EKBISBANTEN.COM – Fenomena Rojali (Rombongan Jarang Beli) yang dikeluhkan seorang pemilik kafe di Yogyakarta sangat menarik untuk dicermati.
Di Kota Serang, setidaknya dalam setahun terakhir, fenomena ini juga terjadi di berbagai kafe.
Bahkan jika di Yogya pelaku rojali adalah mahasiswa, di sini kalangan orang dewasa seperti bapak-bapak dan ibu-ibu pun melakukan hal serupa.
Kalau dari pengamatan saya, di Kota Serang fenomena ini muncul justru gegara konsep yang diusung sejumlah pengelola kafe dan sedang ngetren yakni konsep— saya menyebutnya—Ratalu (Ramai Tamu Dulu)
Berbeda dengan konsep kafe konvensional, pada konsep Ratalu semua pengunjung boleh datang, duduk selama mungkin, bahkan bawa cemilan dari luar tanpa didekati untuk ditawari menu oleh pelayan kafe.
Setingan kafe konsep Ratalu ini juga senada. Parkiran luas, kafenya juga luas dan banyak ruang terbuka dengan tempat duduk yang tidak mementingkan aspek artistik.
Ciri lainnya terdapat banyak lampu (cahaya) supaya saat pepotoan maupun ngevlog tetap medsosable.
Sesuai julukannya, Rojali umumnya datang dalam satu kelompok lebih dari 4 orang. Di satu kafe, apalagi di weekend atau hari libur, bisa ditemukan 8-10 Rojali sekaligus atau sekitar 60-100 tamu bahkan lebih. Ini yang mengesankan kafe selalu ramai.
Secara psikologis, apalagi untuk kalangan anak muda gaul, ini mengundang banyak anak muda lainnya (pada praktiknya ternyata termasuk bapak-bapak & ibu-ibu gaul) untuk tertarik hang out di kafe Ratalu.
Secara psikologis pula dan memang ingin jajan, dalam tebakan saya, setidaknya setengah dari tamu yang berkunjung tetap melakukan transaksi alias memesan makanan dan minuman yang dijajakan kafe macam ini.
Artinya kafe Ratalu berani berspekulasi target omset tetap tercapai meski yang melakukan transaksi kurang dari 50 persen dari jumlah tamu.

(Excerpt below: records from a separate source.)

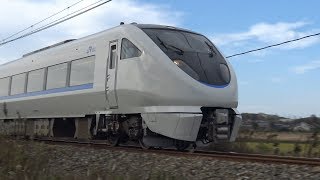 【4K】JR七尾線　特急能登かがり火681系電車　ｻﾜW34編成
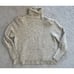 FRAME Size Small Swingy Marled-knit Oatmeal TurtleNeck Wool Alpaca Stretch Sweat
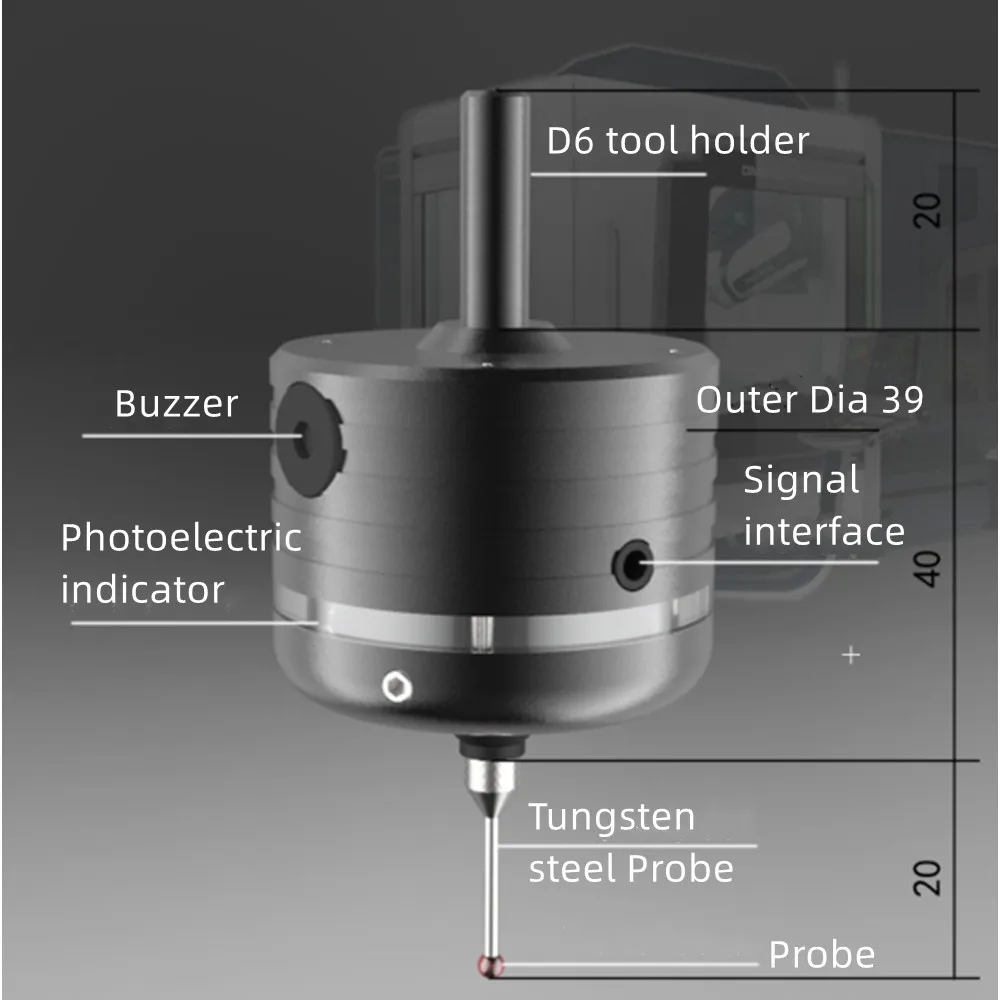 Mach3 3D Edge-Finding CNC 3D T - Z Axis Cnc Touch Probe ulasan dan harga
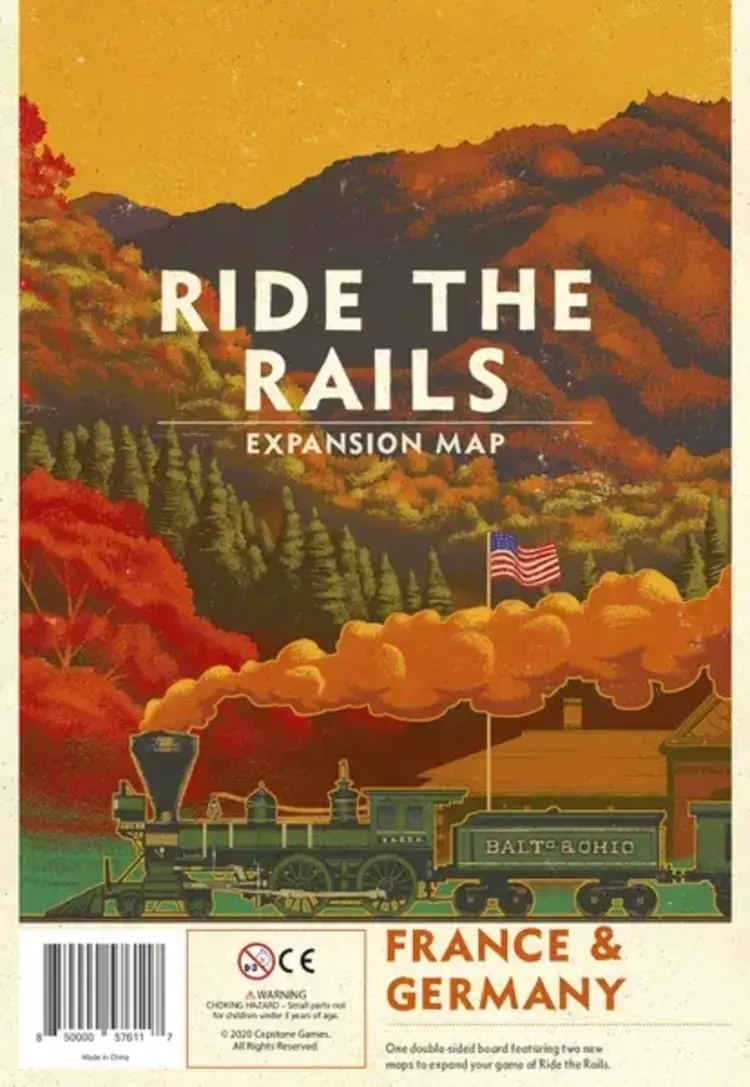 Capstone games Ride the Rails: France & Germany Double Sided Board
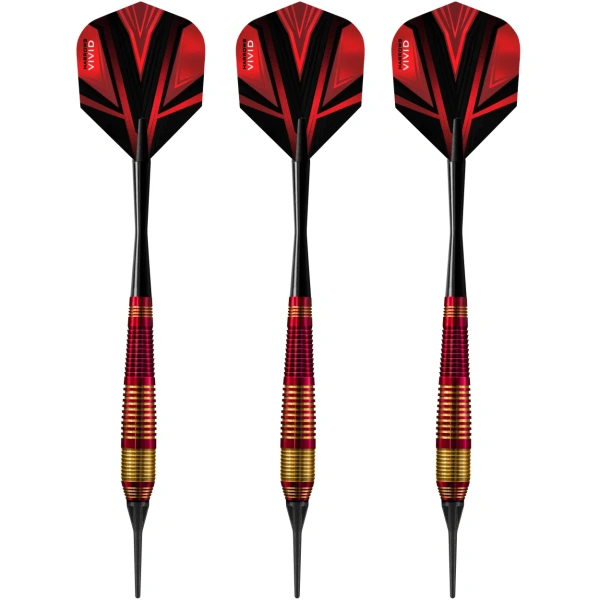 Lotki Rzutki Dart HARROWS Vivid Mosiężne Czerwone SOFT 18g - obrazek 2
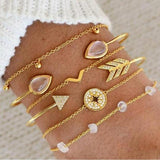 Set aus glitzernden Armbändern – Ansicht 8
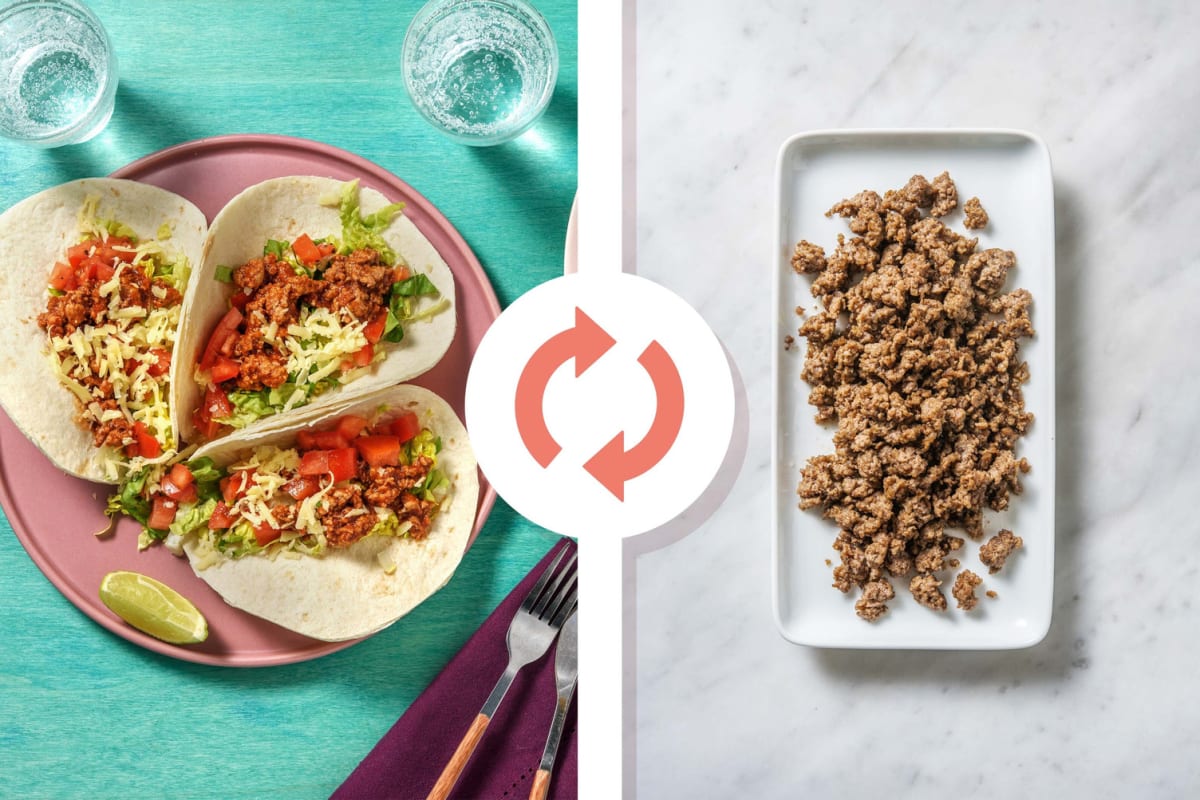 Tex-Mex Style Beef Mince Tacos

Di sebuah kafe Ratalu di Kota Serang, bahkan pendapatan dari parkirnya sehari rata-rata di angka 400.000 dan jika sedang ramai di kisaran 700.000 rupiah.
Jika dibagi 2.000 rupiah biaya parkir, sedikitnya dalam sehari ada 200-350 kendaraan yang singgah bergantian ke kafe tersebut.
Satu kendaraan taruhlah membawa 2 orang saja sudah 400 s/d 700 orang berkunjung. Setengahnya saja memesan menu seharga 50.000 (standard harga untuk 1 menu makanan berat dan 1 minuman ringan), maka omset per harinya 10 juta hingga 17.500.000 rupiah.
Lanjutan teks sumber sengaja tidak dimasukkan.